▶ INFORMATION SUPPLIED:

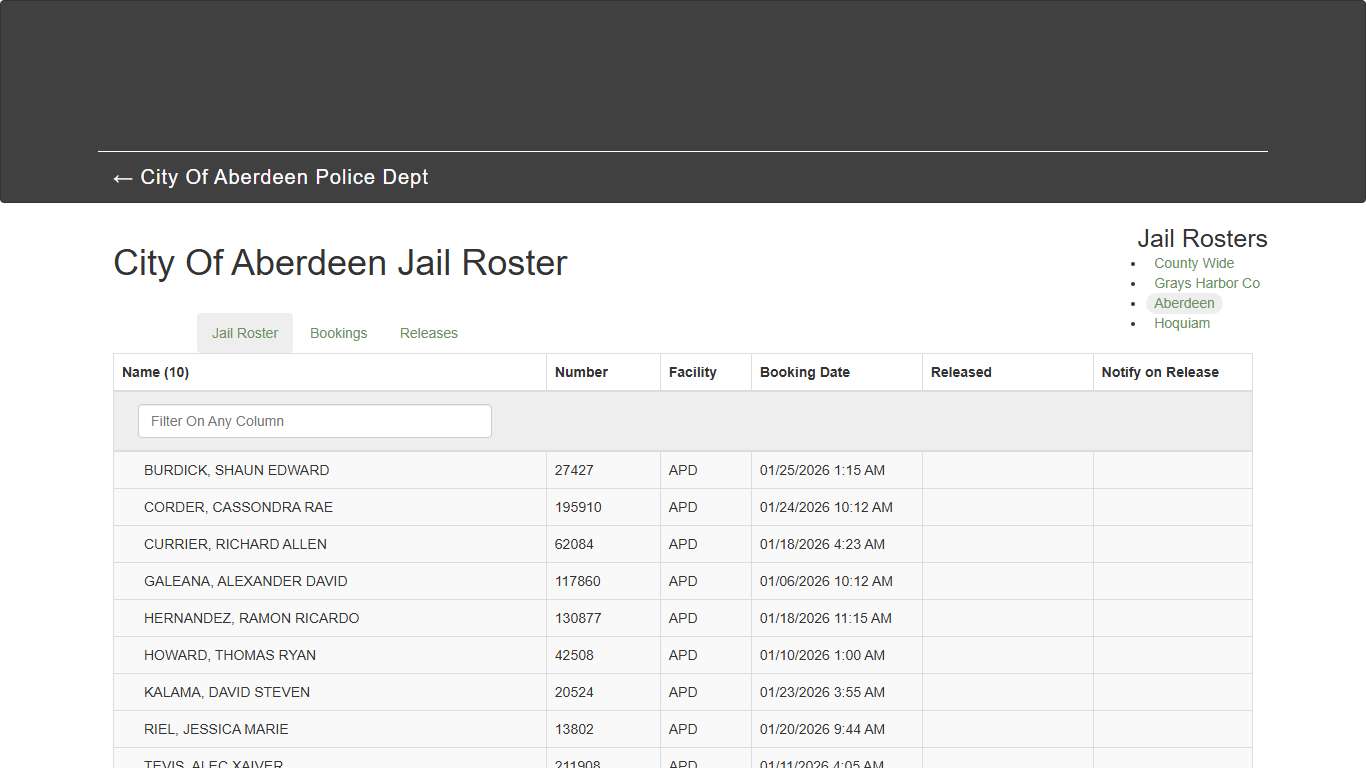 City Of Aberdeen Jail Roster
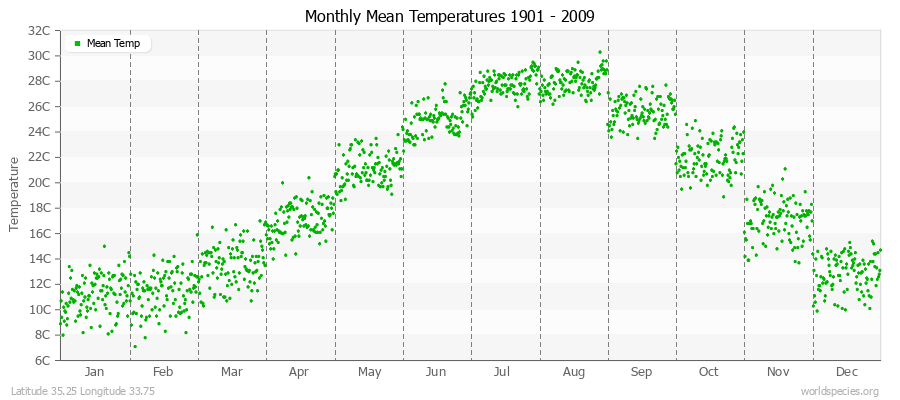 Monthly Mean Temperatures 1901 - 2009 (Metric) Latitude 35.25 Longitude 33.75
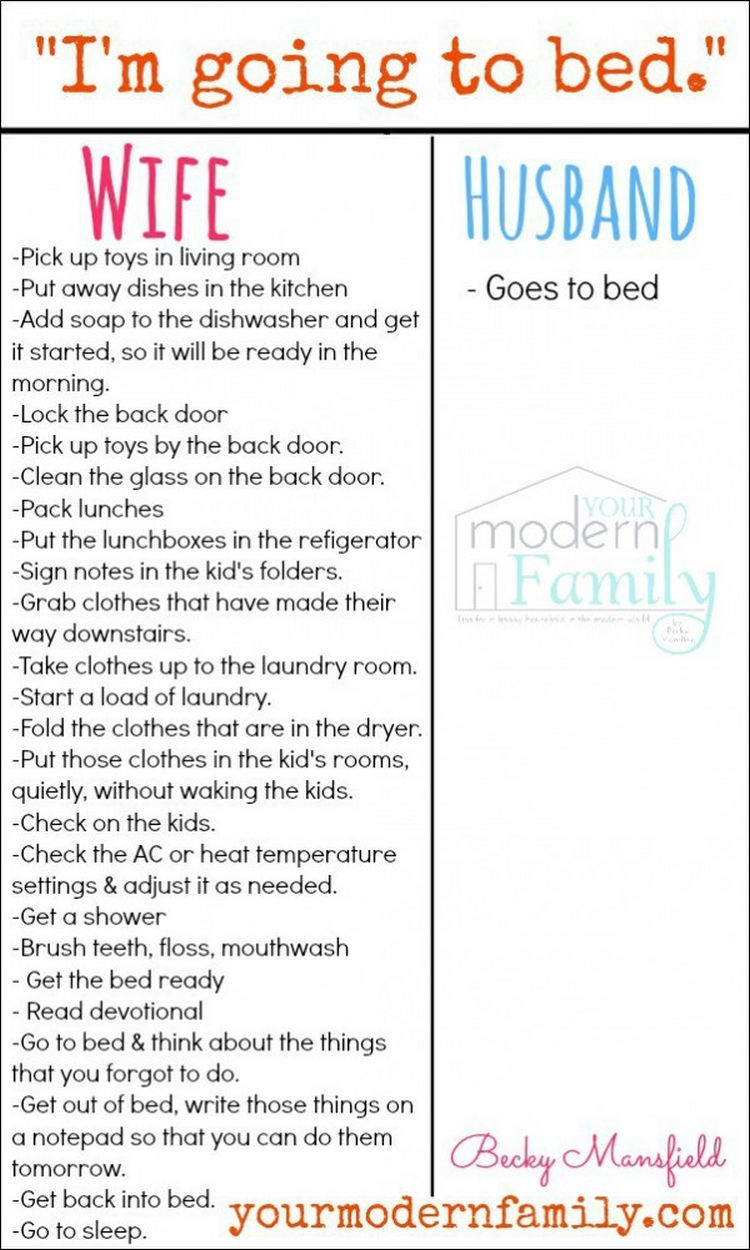 22 Ways Parenting Styles Differ Between Moms and Dads - Getting ready for bed may become a little more complicated...if you're a mom.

▶ WHAT THE TASK ASKS:
Restate each line above exactly, keeping pictures out.

▶ FINAL ANSWER:
 City Of Aberdeen Jail Roster
 Monthly Mean Temperatures 1901 - 2009 (Metric) Latitude 35.25 Longitude 33.75
 22 Ways Parenting Styles Differ Between Moms and Dads - Getting ready for bed may become a little more complicated...if you're a mom.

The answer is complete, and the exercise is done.